富司純子の生い立ち~父親俊藤浩滋の次女として

富司純子さんは終戦した年の1945年12月に、疎開先の御坊市で3人の子供の次女として誕生します。

上に兄と姉がいる末っ子の3人姉弟だった富司さんですが幼い頃から人目を引く可愛さで、母親も自慢の子供だったそうです。

その後、一家は疎開先から富司さん5歳の時に大阪市東成区へ移り、器量が良かった事もあってか僅か7歳から日本舞踊を習っていたそうです。

彼女の父親は映画・ドラマのプロデューサーとして活躍した俊藤浩滋さんで、鶴田浩二さん主演の「博徒」や高倉健主演の「日本侠客伝」などヤクザ映画ブームを牽引したことで知られています。

富司純子さんは大阪市立の小中学校に通っていましたが、父親の俊藤浩滋さんは愛人(京都で伝説の芸者おそめ)と同棲するなどし家にはほとんどおらず、母と祖母に苦労して育てられたといいます。

純子さんは中学のときに宝塚歌劇のファンになり、中学卒業時に宝塚音楽学校を受験しようと考えて、宝塚コドモアテネに通っていたこともありますが、父の大反対で受験を断念したとか。

富司さんは1962年(昭和37年)、四條畷学園高等学校2年生のときに、よみうりテレビの歌謡番組『ハイハイ、マヒナです』のカバーガールとして姉・允子と共に出演(大阪の芸能プロダクションに所属)。
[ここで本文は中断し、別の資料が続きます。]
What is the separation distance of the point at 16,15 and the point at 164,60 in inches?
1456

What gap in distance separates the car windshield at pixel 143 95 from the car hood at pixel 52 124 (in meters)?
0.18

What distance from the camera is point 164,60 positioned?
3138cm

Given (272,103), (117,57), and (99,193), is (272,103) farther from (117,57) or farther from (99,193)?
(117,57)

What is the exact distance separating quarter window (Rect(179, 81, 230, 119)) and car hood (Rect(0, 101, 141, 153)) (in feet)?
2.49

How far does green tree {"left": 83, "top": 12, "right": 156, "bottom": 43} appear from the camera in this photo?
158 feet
同年一家が京都に転居したため、京都女子高等学校に転校します。

1963年(昭和38年)、当時共演をしていた名和宏から「松竹のカメラテストを受けてみないか」と誘われ、松竹も東映も当時、京都に撮影所があった松竹、東映の両方に行き、松竹の後父の勤務先の東映京都撮影所(以下、東映京都)に行った際、マキノ雅弘にスカウトされ、藤純子の芸名で映画デビュー、任侠映画で人気を得て、役者として活躍していきます。

当時から父親俊藤浩滋氏が京都の撮影所に居た事もあり、当時から火宅の人だった父親に会いに行こう、と思い除いた撮影所で関係者だったマキノ雅弘にスカウトされる程だったので、如何に人目を引く美貌だったのかが分かるエピソードですね。

富司純子の父親俊藤浩滋はヤクザな男?

当時としては奇抜な発想だった任侠映画で一時代を作った事で業界でも一躍時のプロデューサーとなった俊藤浩滋さんですが、その作品のがヤクザ映画だからかヤクザと見られることも多かったようです。
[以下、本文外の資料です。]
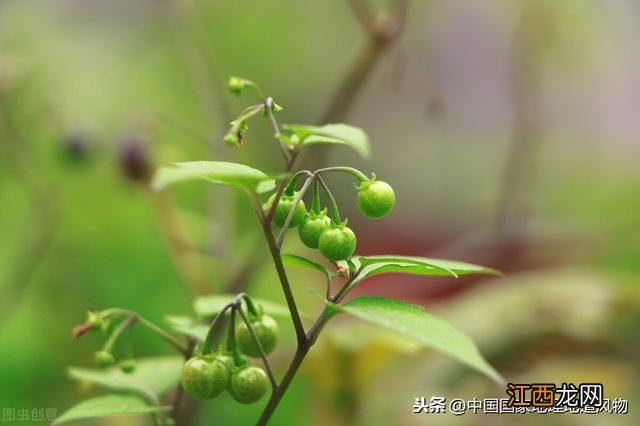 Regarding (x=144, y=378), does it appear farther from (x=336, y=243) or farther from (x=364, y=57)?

本当に俊藤さんはヤクザな男だったのか気になりますね。

俊藤さんは、40歳を過ぎてプロデューサーになるまでの活動は定かではなく、若い頃は賭場に通う生活だったともいわれていたようです。

また彼は、1960~70年代にかけて暴力団山口組の最高幹部だった管谷政雄さんと幼なじみだったり、たまたまでだったと思うものの交友関係にヤクザな世界で生きている知り合いが多かったようです。

それ故、彼を任侠映画のプロデューサーとして「映画を作ってみないか?」と最初に声を掛けた東宝のゼネラルマネージャだった岡田氏は時代劇からの転換でヤクザの世界を良く知る俊藤に白羽の刃を立てたと言われています。

ですが、俊藤さんは「わしはヤクザやない」といい躊躇する俊藤浩滋氏に「責任は俺が取るから」と後押しして俊藤を任侠映画のプロデューサーとして後押ししたと言います。

それが時代にマッチして一躍任侠映画の一大ブームとなり共興としても大成功。

当時の大スターだった鶴田浩二を主演に『博徒』、その後も高倉健主演の「日本任侠伝」など次々と任侠映画を大ヒットさせます。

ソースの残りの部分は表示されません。